Rip Slice Surface Shape Shave

The facing bevels produce a V-shaped groove that hides most imperfections.

I’m sneaking this post in on a Monday for those of you who enjoy reading about woodworking. This short study on how to go from boards to product is somewhat inspired by my blog-buddy Dan over on the other coast. Dan wrote about people who have lost thumbs and fingers. It’s a really good post. Feel free to take a few minutes and read that. Seriously, I can wait.

The reason I say that that post somewhat inspired this one, is because “production” woodworking, the kind where you are repeating the same operation many times, is a good way for an amateur woodworker to get seriously hurt. In industrial settings, dangerous operations are automated. That’s not usually possible in a small shop.

My goal was to turn several eight inch wide and roughly 7/8 of an inch thick Cedar boards into about nine feet of wainscoting for my brother’s bathroom. To give you an idea of the production nature, follow the math below:

Cut – The first step was easy, safe and fast. I had to cut 10 four foot long blanks out of the long boards. Since three of the boards were 12 feet long, I only needed to make seven cuts.

chop saw
The chop saw makes quick work of producing the 4-foot blanks.

RIP – This was the first production step. Each blank yielded three 2 ¼ ” (that’s the symbol for inches for you metric folks) wide strips, but each sequence of three cuts brought me closer to the blade. 30 cuts were required. Several years ago, this kind of operation ended with my left index finger following a board through the saw, slicing the end of my finger in half. Thanks to a talented seamstress (actually a Physician’s Assistant), I can still count to ten. The edges were surfaced at this point, reducing the strips to 2 1/16” wide.

Tab;e Saw
Guards in place and push-sticks in use.

SliceResaw the 30 strips into 60 strips that are ~ 7/16” thick. Since one side of the cedar was rough, the slice was a little off-center at the bandsaw, so I could put one piece through the planer on each side.

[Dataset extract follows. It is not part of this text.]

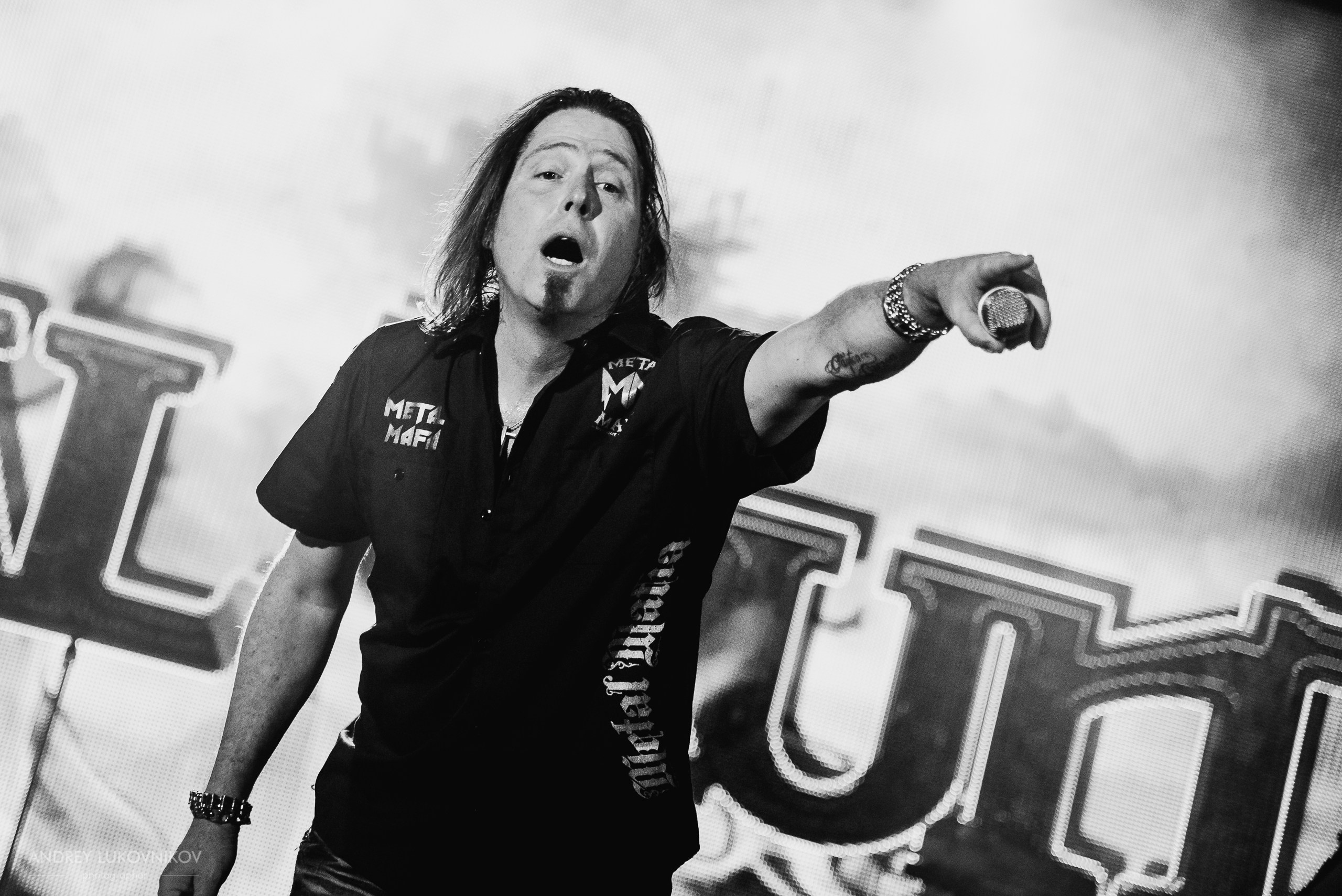 Royal Hunt. Cast in Stone Tour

Push-sticks in use here too and no need to push anywhere near that blade.

Surface – This is the only tool I have with power feed, so it’s the only video. The thicker slice was surfaced on the rough side and then every strip went through to remove the bandsaw marks so they are smooth and roughly 11/32” thick. This is the same tool I used to remove the saw marks on the edges after ripping the strips to rough width. The edges required 60 passes, the flat sides required 180

Shape – The shaper is the most effective tool I own for cutting the “rabbet” notch on opposite sides of each strip. This is a very dangerous operation so I added “hold-down” guides to keep the strips engaged with the cutter and prevent my fingers from going along for the ride. In 120 passes, my fingers bumped into the guides three times.

Shave – The strips were simply too narrow and thin for me to risk running them through a power tool. A production shop would have a special cutter head that could mill the rabbet and bevel in one pass. I did it by hand because it’s safer and these are two of my favorite tools to use. I had the knife set so that only three passes were required, but that’s a total of 360 strokes.

The result is a series of strips whose beveled edges will form a V-groove as they cover the distance on the wall. I’ll also be using some of these to form the backs of a couple of little shelving units.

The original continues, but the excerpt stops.